As I’m watching some of these classics, their age becomes immediately apparent to me. Snow White was made back in the 1930s and you can tell by watching it. The animation is not as fluid as we’re used to and the quality is lower. Watching Robin Hood, it’s pretty obvious that this was a 1970s flick. The style, the mannerisms, the moustaches. Yep. It’s a 70s flick.
So how would a 1977 classic that I absolutely adored as a kid translate to my 4 year old son?
I don’t remember when we started talking about Star Wars with my son. Perhaps it was when we started really perusing the toy aisles. It amazes me that after all these years, Star Wars merchandising is still going strong. He was immediately drawn to Darth Vader, even though he knew he was the bad guy. And he pleaded for a red light saber.
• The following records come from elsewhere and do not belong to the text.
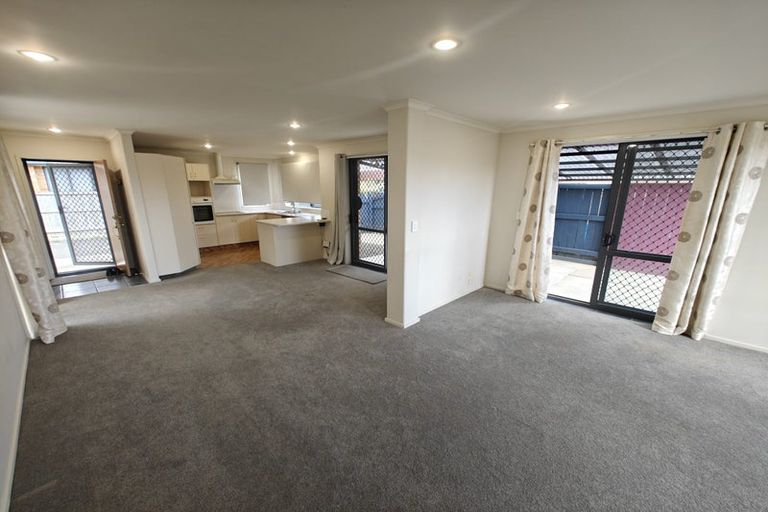 Photo of property in 16 Archer Court, Hamilton East, Hamilton, 3216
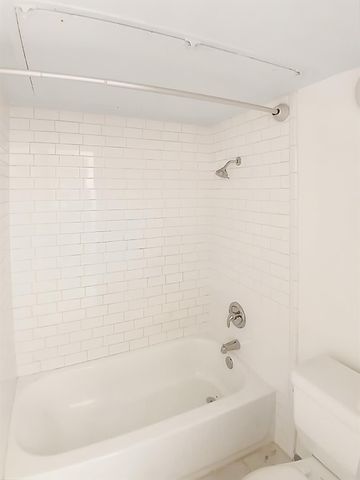 6601 Sands Point Drive 5, Houston, TX 77074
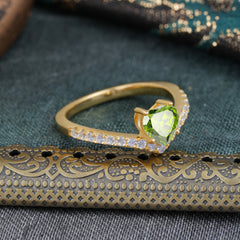 4-Prong Heart Shaped Peridot Engagaement Ring Classic Wedding Ring
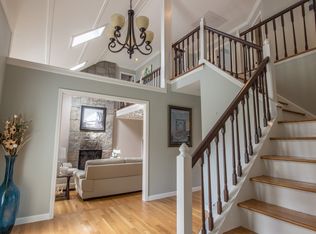 8 Grants Ln, New Milford, CT 06776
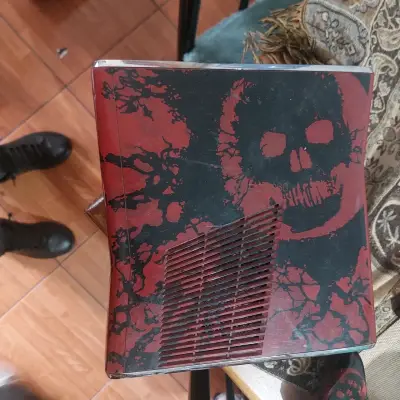 Consola Xbox 360 Edición Gears of War con dos controles - miniatura 4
At Christmas time, Santa brought him a red light saber that lights up and makes the appropriate swishing sounds when you “fight.” I even thought enough to get him a blue light saber for his birthday a month later so that he could fight his friends when they came over. I was saddened to find that the blue light saber was not actually a “light” saber since it didn’t light up on make noise. Oh well. That was one was for his friends anyway.
We had even more exposure to Star Wars on a recent Disney vacation including a stop at Disney’s Hollywood Studios. We got to watch a live Jedi training session and see young boys (and a girl) learn to fight and defeat the evil lord Darth Vader. My son was mesmerized. Terrified, but mesmerized. (Side note: I also got a really cool Star Wars hat there.)
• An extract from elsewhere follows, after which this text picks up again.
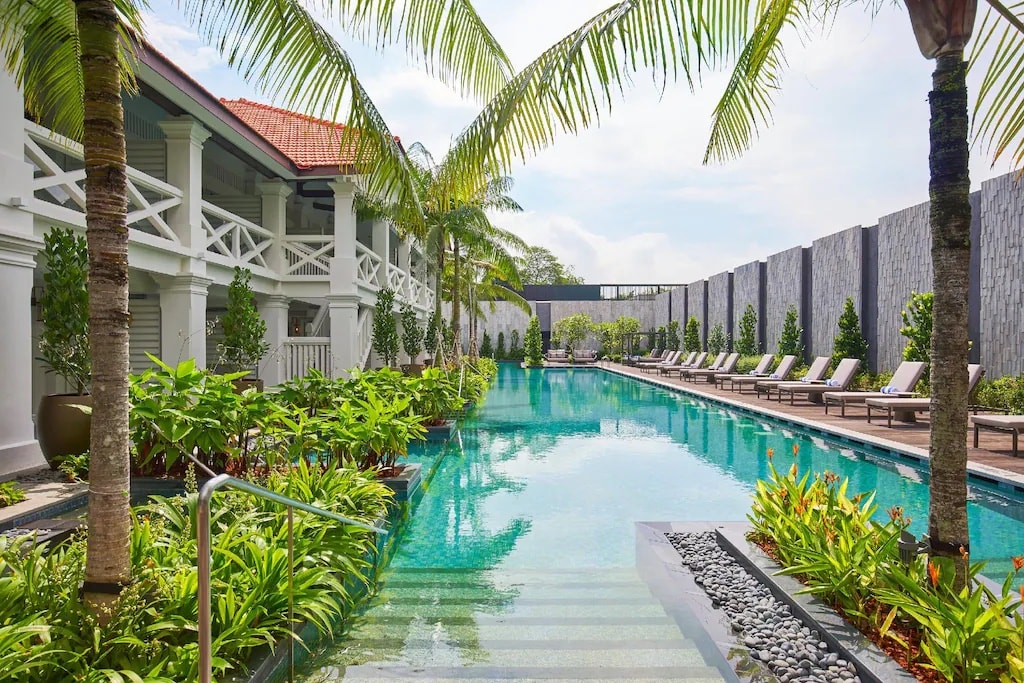 the barracks hotel sentosa swimming pool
When we returned from the trip, I would get a few questions here and there about Darth Vader. And then I thought it might be time. It might be time to introduce my son to Star Wars. I made a trip to the cheapest movie spot I know: BJs (yes, that BJs).
Then came my dilemma. BJs had two trilogies for sale. The original Star Wars, or what they refer to as Episodes IV, V, and VI. Or the prequel, known as Episodes I, II, and III. I, of course, am totally partial to the original. Plus, I only saw the first movie of the prequel and was so nauseated by Jar Jar Binks, I had no interest in the remaining movies.
But it’s a prequel. Would it make sense to show everything in chronological order? Or would I have to explain in the near future how Luke Skywalker is the son of Darth Vader but Darth Vader is really Anakin Skywalker, the little boy in the prequel, who grows up to become the father of Luke Skywalker. (Oh sorry, I probably should have said SPOILER ALERT).
And then there was the whole issue of low-tech vs. high-tech. Would he be okay watching the highly animated prequel trilogy only to be severely disappointed by the plastic models posing as tie fighters in the original trilogy?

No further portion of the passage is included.